WORK TO COMPLETE >>
Pictures in the records below must be left out. Return exactly the lines from the line with "WINDEROSA (VERTEX) ZAPTIVKA" to the line with "Icons of Evolution", both included.

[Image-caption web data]
>>>
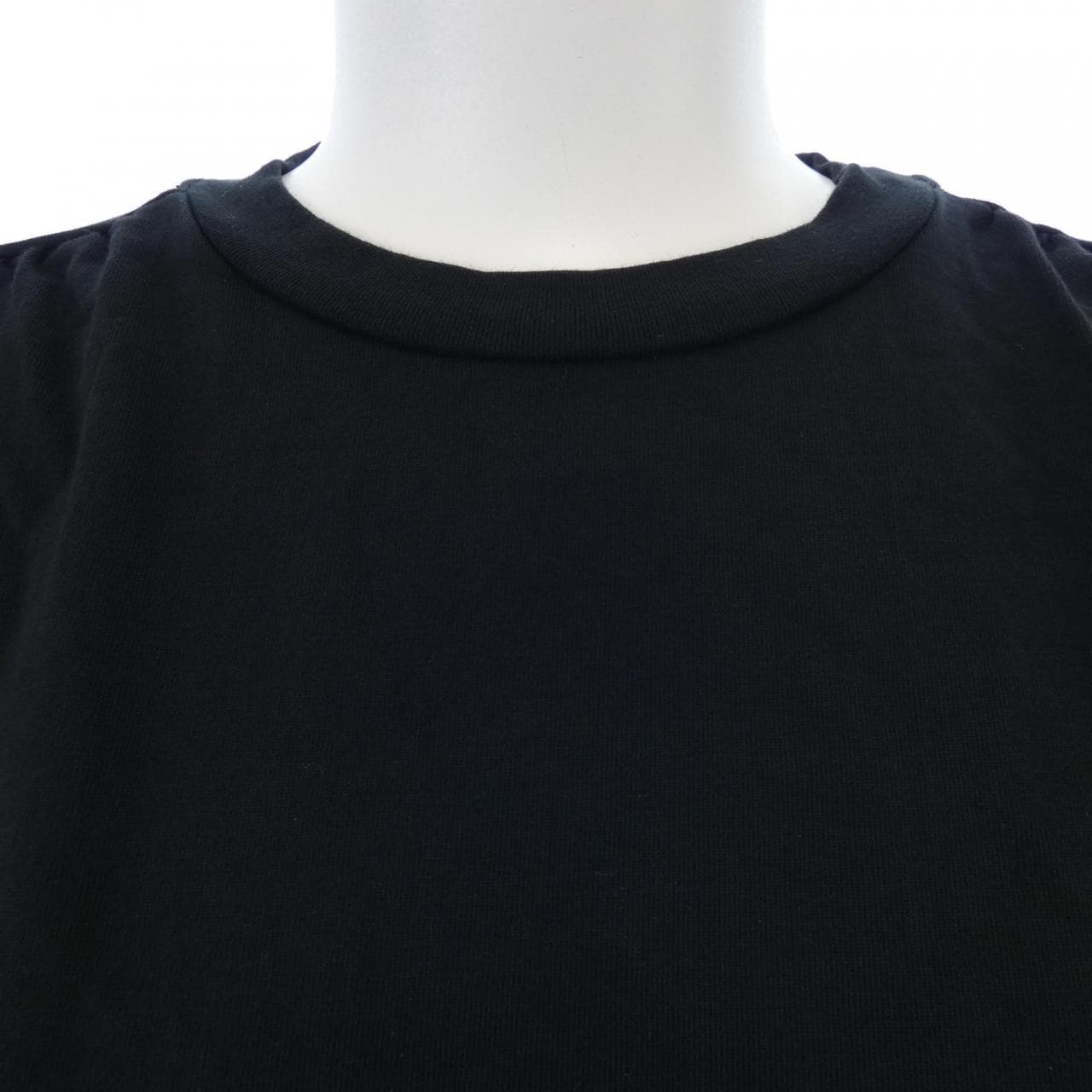 ドゥロワー DRAWER トップス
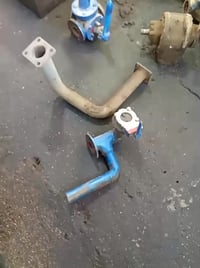 عمليه لبيع ياباني عداد ساعه بغداد البلديات ٠٧٧٣٠٠٠٨٠٧٨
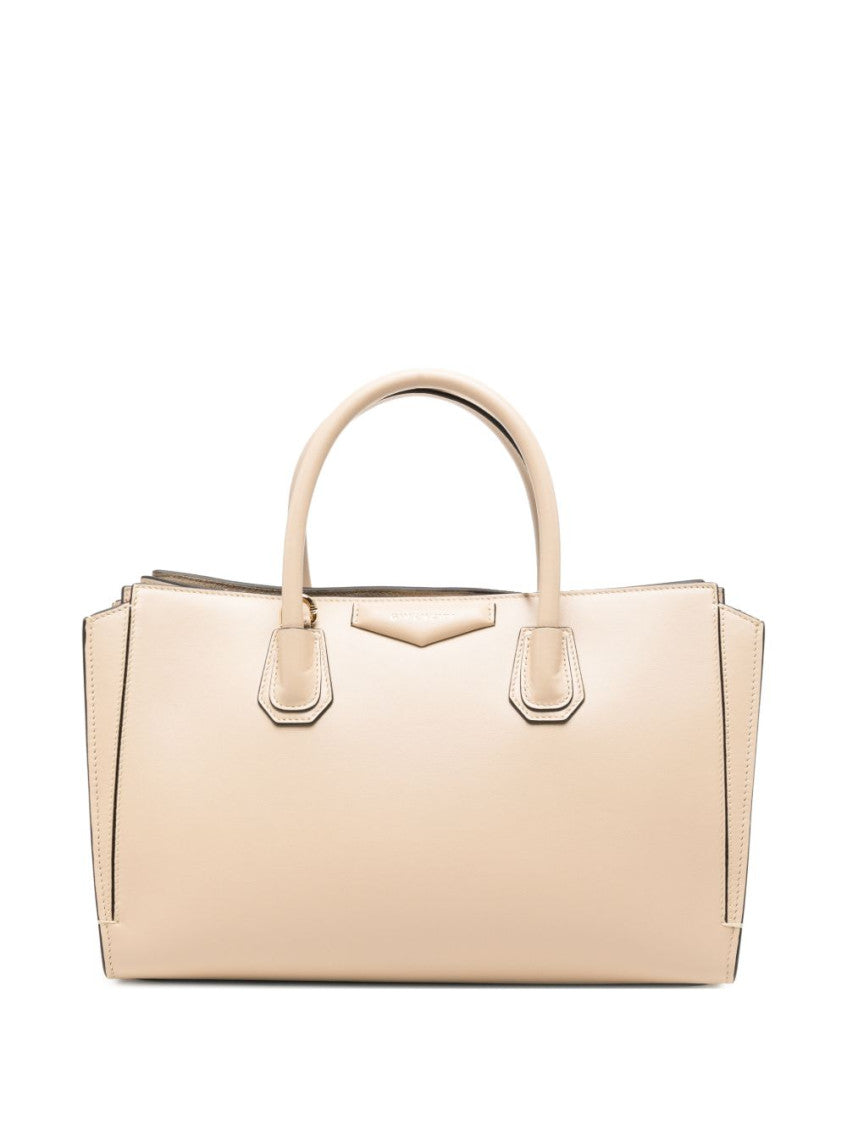 Dune Antigona Catchall Small Satchel 1
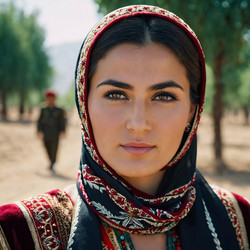 Similar image 22100599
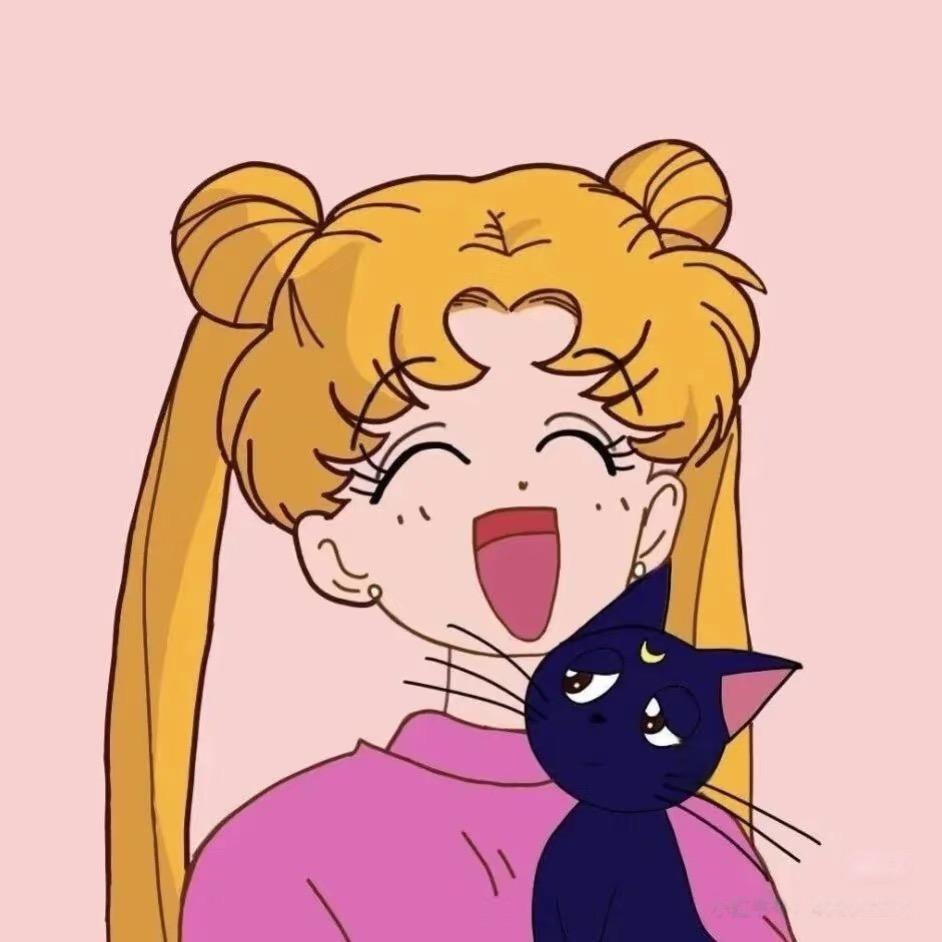 霸气牛奶草莓🍓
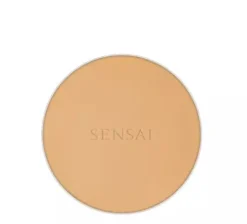 Sensai Total Finish Refill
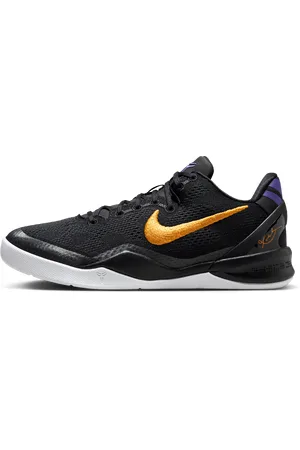 Nike Kobe VIII Older Kids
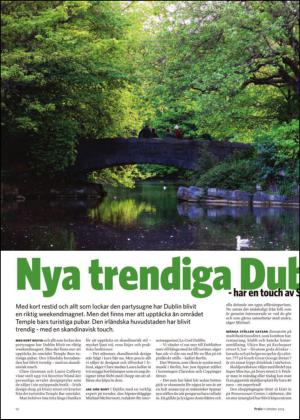 borlangetidning_bilag-20141011_000_00_00_012.pdf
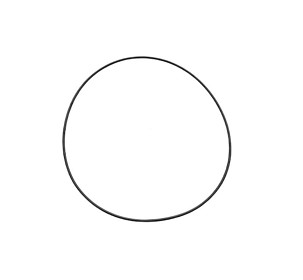 WINDEROSA (VERTEX) ZAPTIVKA POD GLAVU ( GLAVE ) (O-RING) ARCTIC CAT SNOW 600 XF/ZR 6000 EFI '14-18, PANTERA/NORSEMAN 6000 EFI '18 ( SKUTER ZA SNEG )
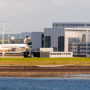 Goldman belässt Airbus auf 'Buy' - Ziel 187 Euro - 01.07.24 - News - ARIVA.DE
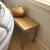 Console Table by Lane Furniture 3 thumbnail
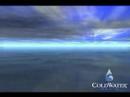 Icons of Evolution :: Cambrian Explosion (Clip 4)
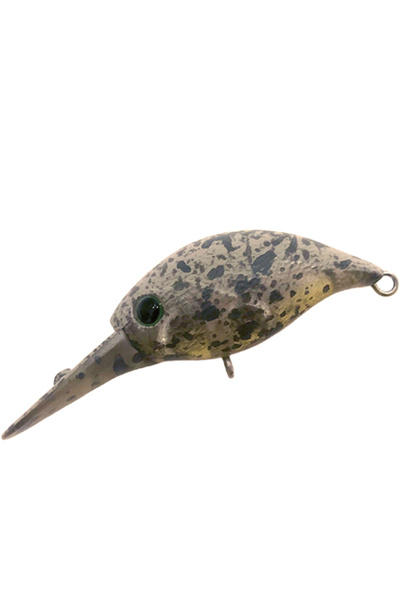 Smith Ltd. Βόμπλερ Σμιθ Σίμπο-Κρα MR-F 34mm 3.2g 05 F Σίμπο-Κρα 34mm 3.2g 05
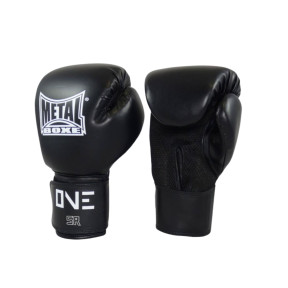 ONE TRAINING GLOVE - METAL BOXE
<<<
EXERCISE RESPONSE >>
 WINDEROSA (VERTEX) ZAPTIVKA POD GLAVU ( GLAVE ) (O-RING) ARCTIC CAT SNOW 600 XF/ZR 6000 EFI '14-18, PANTERA/NORSEMAN 6000 EFI '18 ( SKUTER ZA SNEG )
 Goldman belässt Airbus auf 'Buy' - Ziel 187 Euro - 01.07.24 - News - ARIVA.DE
 Console Table by Lane Furniture 3 thumbnail
 Icons of Evolution :: Cambrian Explosion (Clip 4)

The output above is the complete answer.